COMPILED
NABIN SHRESTHA
Brand Strategist and Design www.water-comm.com
For those of you that have read ‘Good to Great’, and ‘Built to Last’, Collins’ previous forays into management analysis, ‘How the Mighty Fall’ tackles the flipside of most management books: what to do to ensure failure. As with his other works, Collins pours through the histories of some of the most well known of companies—Hewlett-Packard, Ames, and Merck to name but a few—in order to draw some insight into how they began their descent into, “capitulation to irrelevance or death.”
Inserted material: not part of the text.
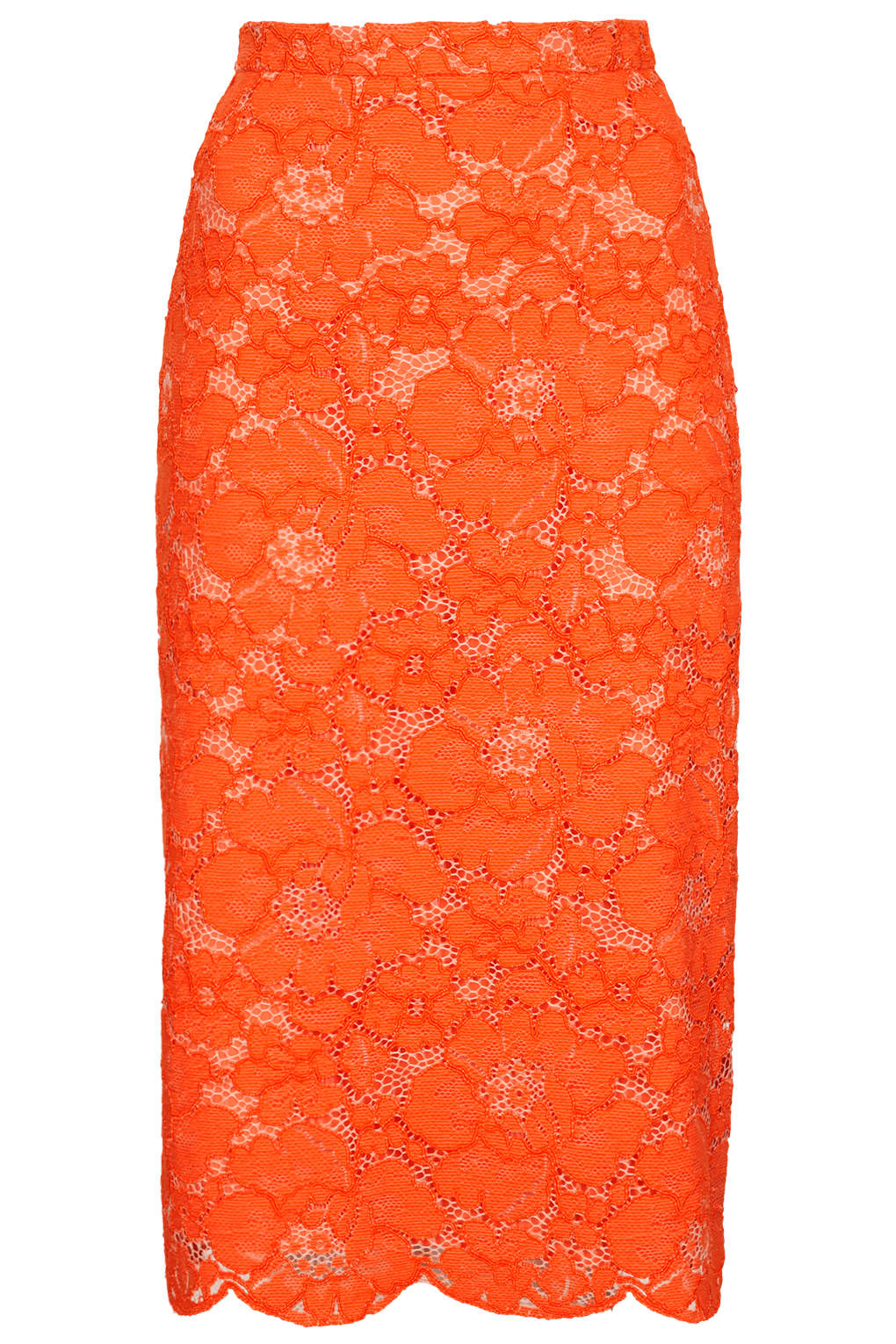 Topshop Cord Lace Pencil Skirt in Orange | Lyst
Every institution, no matter how great, is vulnerable to decline. There is no law of nature that says the most powerful will inevitably remain at the top. Anyone can fall and most eventually do. But, as Collins’ research emphasises, some companies do indeed recover – in some cases, coming back even stronger – even after a crash. Decline, it turns out, is largely self-inflicted, and the path to recovery lies largely within our own hands. When you are at the top of the world, the most powerful nation on earth, the most successful company in your industry, the best player in your game, your very power and success might cover up the fact that you’re already on the path to decline. So, how would you know? The question – How would you know? Is the essence of this book. How do the mighty fall? If some of the greatest companies in history can collapse from iconic to irrelevant, what might we learn by studying their demise, and how can others avoid their fate?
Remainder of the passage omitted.